Sex positivity often acts as an implicit — or sometimes explicit — foundation of leftist, feminist, and LGBTQ+ spaces for completely valid reasons. As women and queers, sex has been the driving force behind both our oppression and the spaces we create to separate, heal, and liberate us from our oppression.
Sexualized spaces for socializing predate our modern understanding of the LGBTQ+ umbrella. When the social categories marking these identities emerged, LGBTQ+ people began to socialize around their sexuality in ways similar to heterosexual practices; yet heterosexuality, of course, is made invisible due to its dominance as the status quo.
Mirroring straight society, sex clubs and bars with sexual undercurrents became inevitable spaces for queer folks to congregate for many reasons.

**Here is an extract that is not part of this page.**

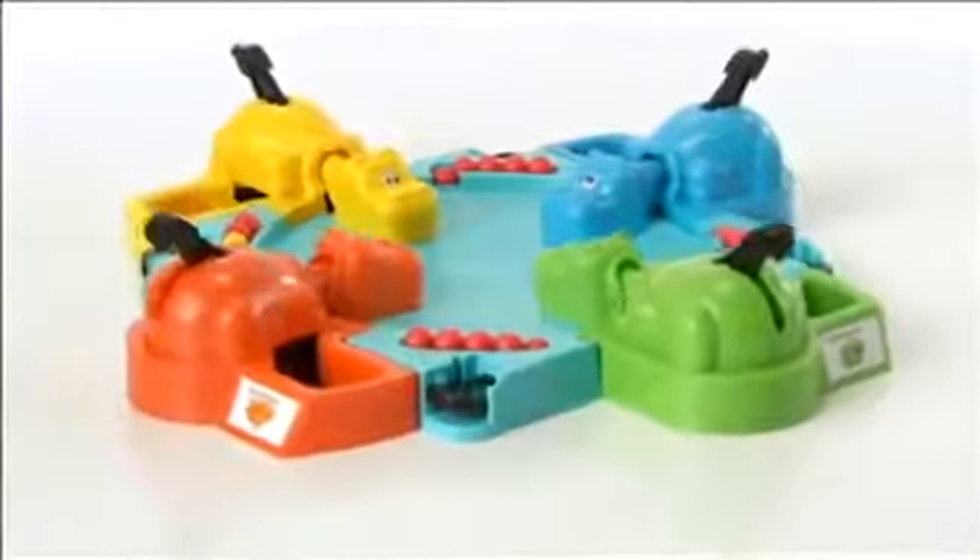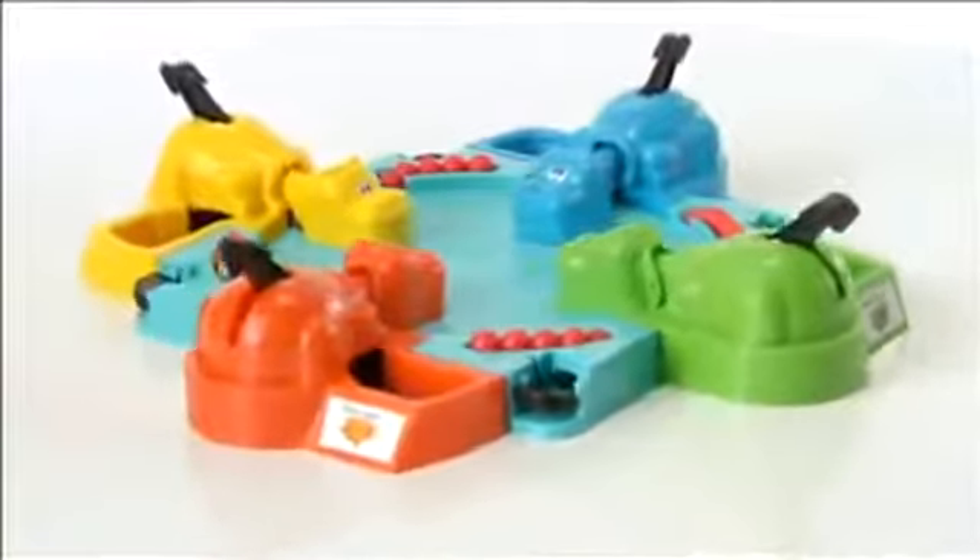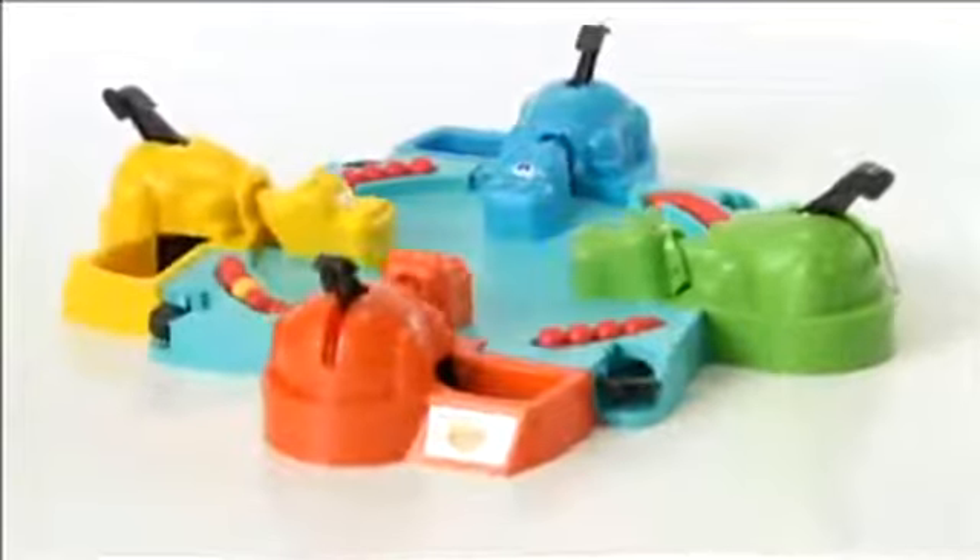The Elefun and Friends Hungry Hungry Hippos Game from Hasbro. Kids can challenge their friends to marble chomping fun with four updated hippos in bright colors.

Separatist queer social spaces became an understandable respite from the oppression rampant in heteronormative spaces.
Even outside of LGBTQ+ spaces, the basis of our discrimination is sex-based. When people read our queerness, they are making assumptions about with whom and how we like to have sex, regardless of whether we want to or actually are having this sex. And structurally, queer sex has been positioned as threatening the integrity of society as a whole.
The fragile straight majority’s anxiety over the idea that queer sex is a threat to the nation has resulted in the destruction of many queer people’s lives, both historically and presently. This includes the Lavender Scare under McCarthyism, gay bashings and murder, conversion therapy, job and housing discrimination, and the historic (and global) criminalization of our sexual practices under Western imperialism and colonialism, just to name a few. While society continues to make the sexuality of straight people mostly invisible as the demographic majority, queer people’s sexuality continues to be made hypervisible and hypersexual.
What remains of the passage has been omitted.